PROBLEM TO SOLVE - Write out the lines below once more, exactly as they appear. Do not include pictures.

SUPPLIED DATA -
=== Section Start ===

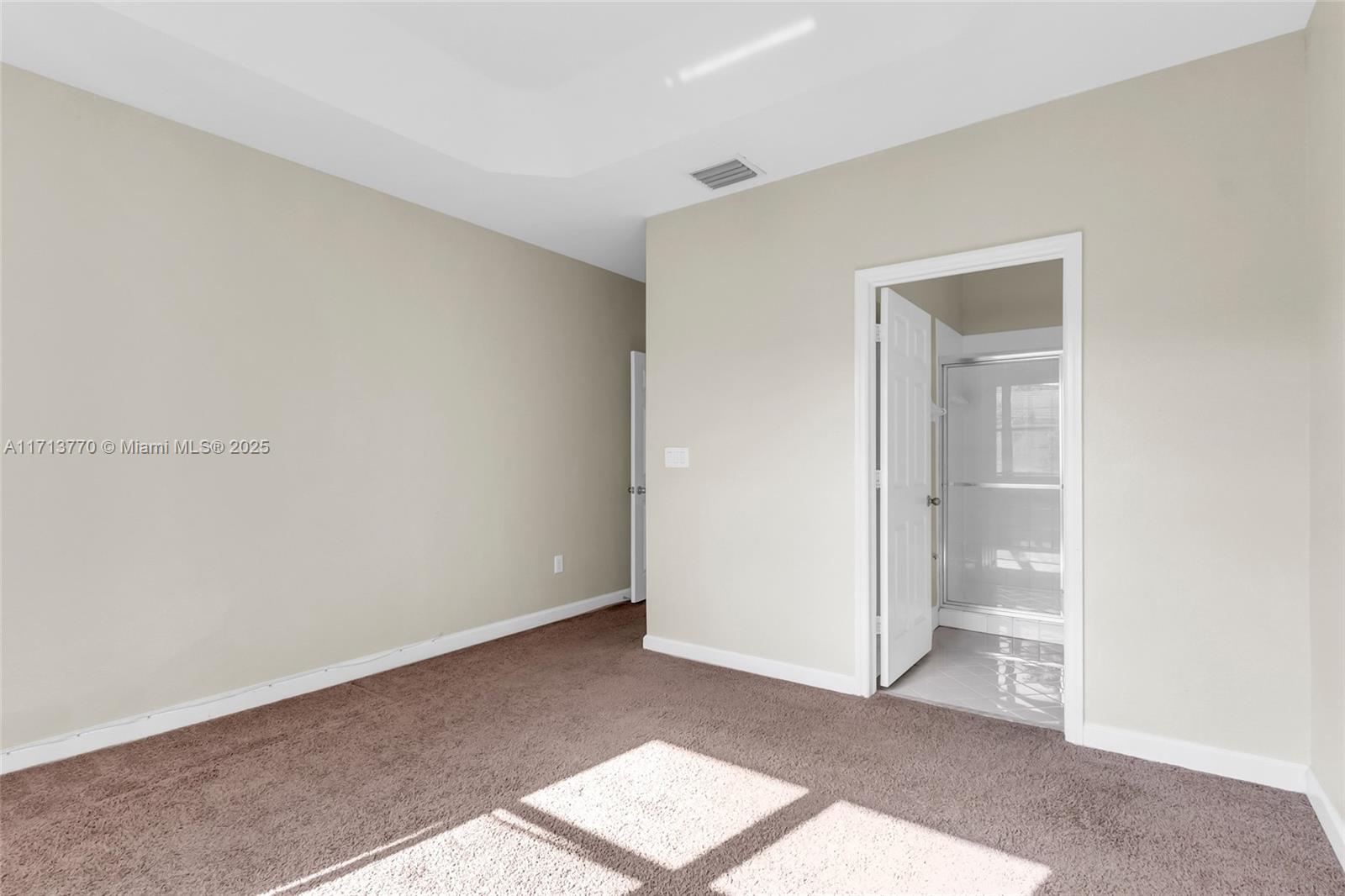 1395 Ne 33rd Ave 206-26 Property Photo 12
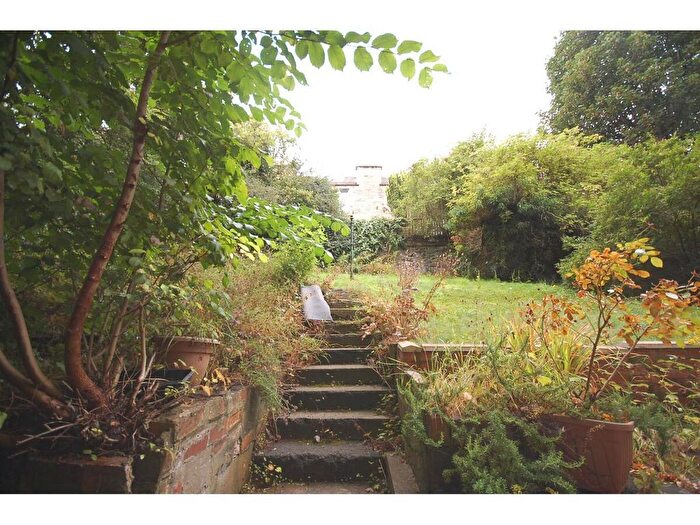 2 Bedroom Flat To Rent In Parsons Green Terrace, Edinburgh, EH8
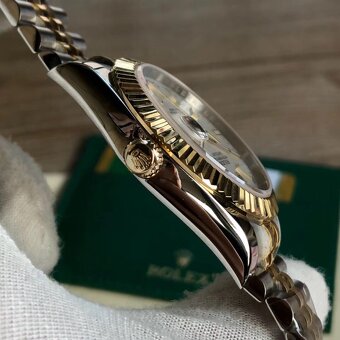 Rolex Oyster Datejust - 4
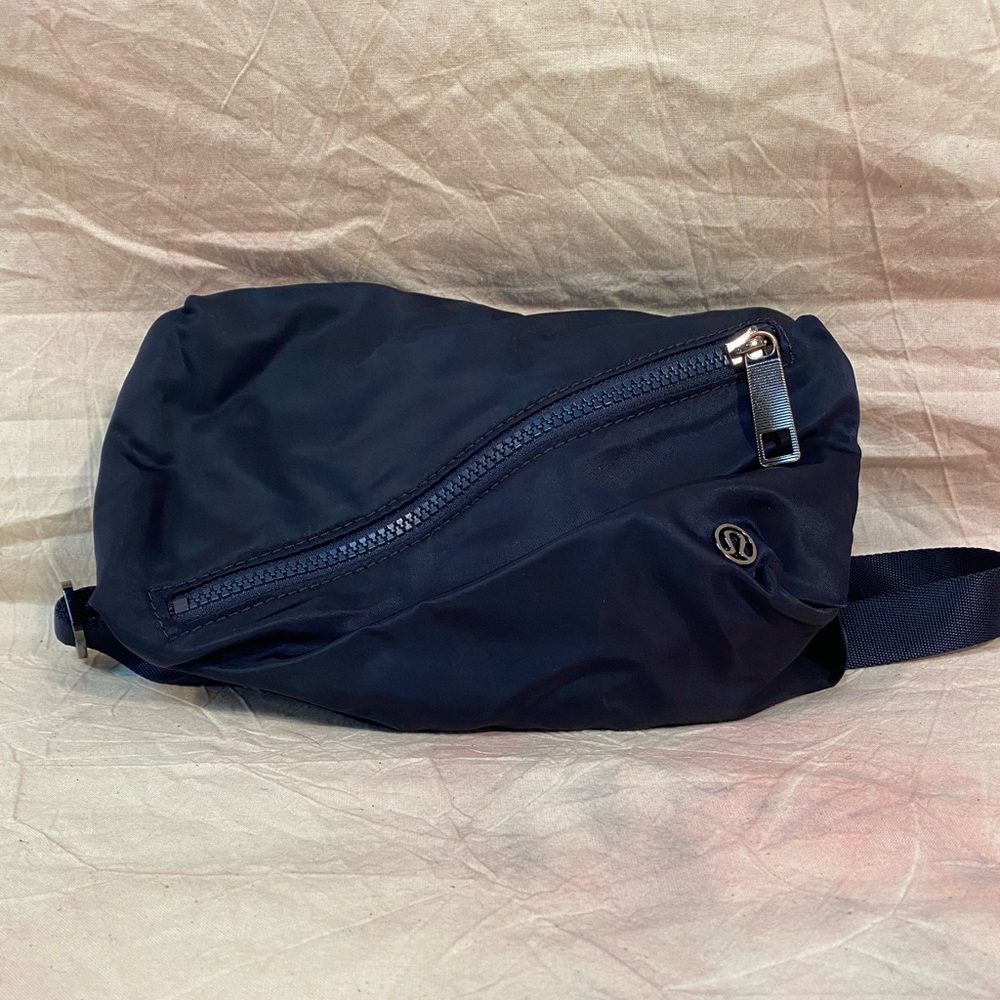 Navy Blue Lululemon Fanny Pack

=== Section End ===

ANSWER -
 1395 Ne 33rd Ave 206-26 Property Photo 12
 2 Bedroom Flat To Rent In Parsons Green Terrace, Edinburgh, EH8
 Rolex Oyster Datejust - 4
 Navy Blue Lululemon Fanny Pack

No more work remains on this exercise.